The CorPath CRX robot, consisting of a control console and a robotic unit equipped with an extension arm that can hold a single-use cassette, was installed in the interventional neuroradiology section. The control console, enabling the operator to perform procedures comfortably while seated, was placed in the RX control room. The extension arm and robotic unit were positioned on the lateral side of the table in the angiosuite. A single-use cassette was loaded with a microcatheter and a balloon guide catheter (BGC) (Gateway; Stryker), both of which were connected to the neurovascular model.

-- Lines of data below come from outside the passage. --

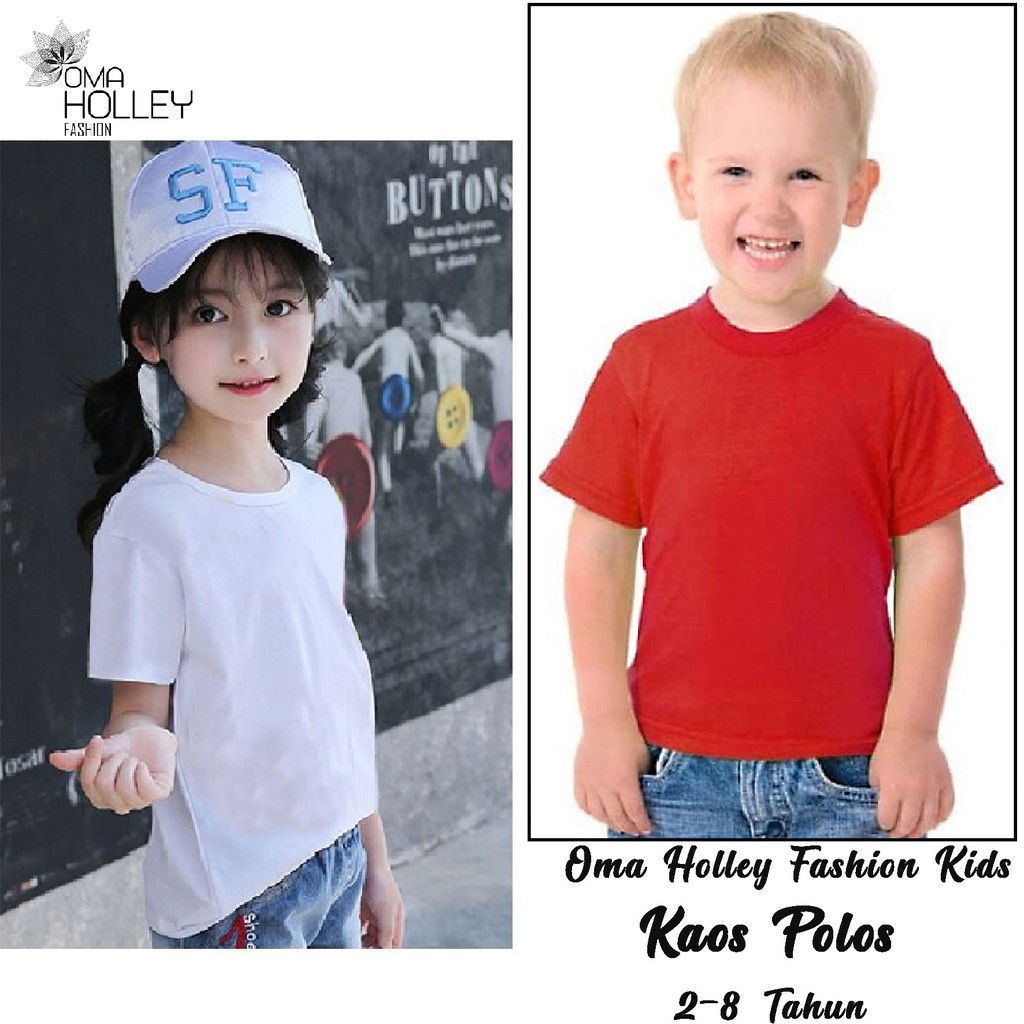 (COD) OH Fashion Kaos Polos Anak 2-8 Tahun Bahan Cotton #1029 / #1033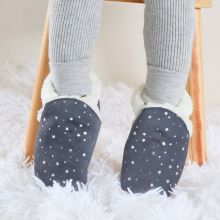 Silver Stars Grey Slippers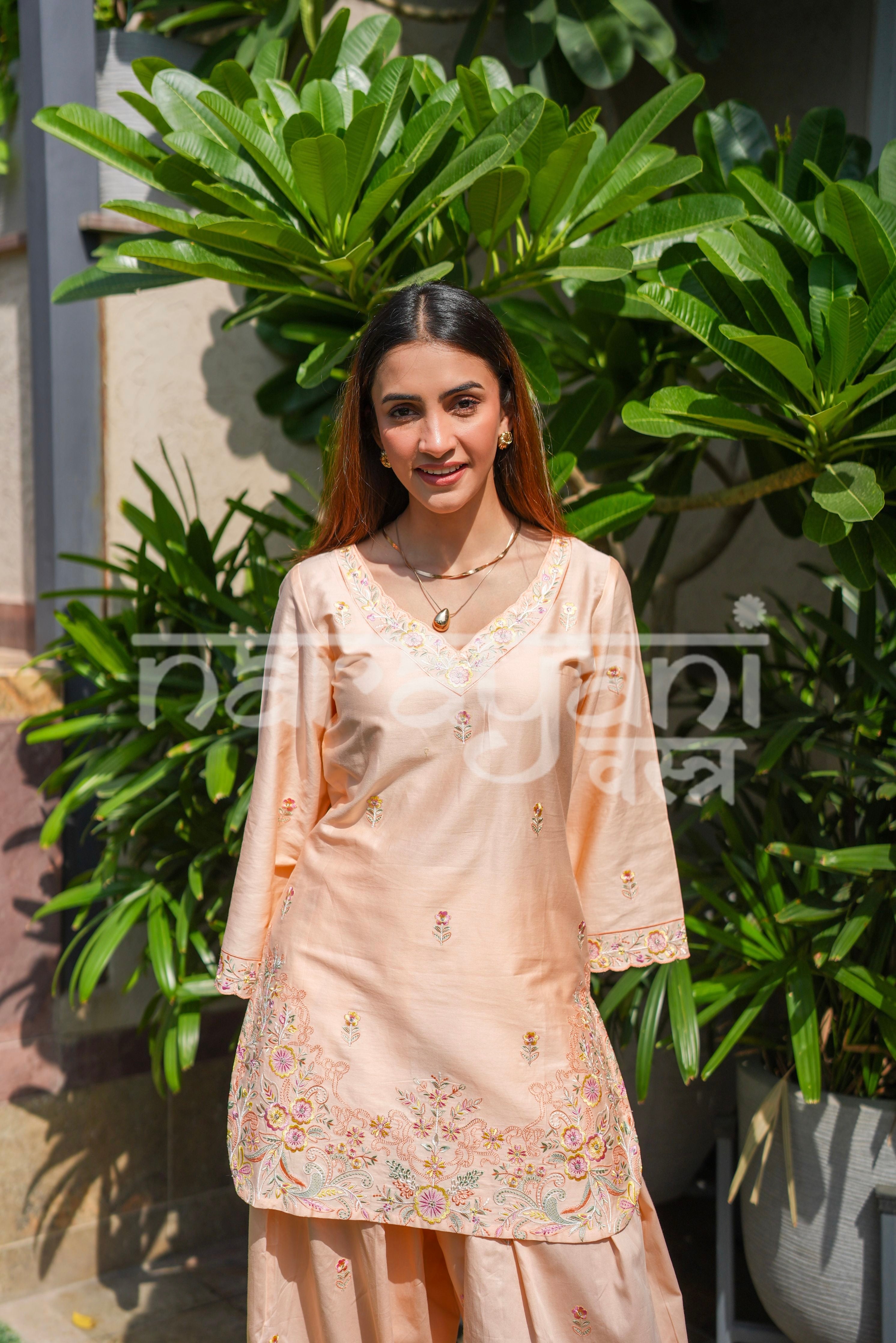 LYRA - Peach Embroidered Cotton Co-ord Set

The robotic system is currently unable to perform catheterization of the aortic arch because it is limited to an advancement movement of 20 cm. An initial assessment of the optimal positioning of the different devices was performed. Due to the above-mentioned limited range of movement of the microcatheter when using the robot, the limiting factor to reach and cross the clot with the microcatheter is the initial position of the BGC in the ICA. We identified the lowest point in the ICA in which the tip of the BGC should be manually positioned before initiating the RA-EVT for different occlusion locations (Fig 2) and decided to place it in the vertical part of the petrous segment of the ICA. Given this limitation, RA-EVT was considered optimal for occlusions located in the ICA and in the M1 segment of the MCA and in any case beyond the proximal M2 branches.
Experimental setup for robot-assisted and manual EVTs.
After clot embolization, experiments were allocated into one of the following treatment arms: 1) robot-experienced/MA-EVT; 2) robot-experienced/RA-EVT; 3) robot-novice/MA-EVT; 4) robot-novice/RA-EVT. A 6F BGC was manually advanced by an experienced specialist nurse to the level of the distal ICA, then a 0.021-inch microcatheter (Phenom 21; Medtronic) was manually advanced to the level of the tip of the BGC. For RA-EVT procedures, the microcatheter and a 0.014-inch microguidewire (Synchro 2; Stryker) were then connected to the CorPath GRX robot by a trained assistant nurse; the neurointerventionalist could take control of the system from the console located in the control room outside the angiosuite (Fig 1).
The thrombectomy technique, manual and robot-assisted, consisted of navigating the microcatheter under fluoroscopy to the MCA to cross the clot and then deploy a 4 × 40 mm stent retriever (SR: Solitaire X; Medtronic) from the M2 to the M1 segment of the MCA. After an embedding time of 1–2 minutes, the BGC was inflated and the SR was retrieved into the BGC under proximal flow arrest and continuous pump aspiration (Penumbra) (Fig 1C). For RA-EVT device exchanges in the robotic system, balloon inflation/deflation and aspiration were performed at the neurointerventionalist’s indication, executed by an assistant nurse.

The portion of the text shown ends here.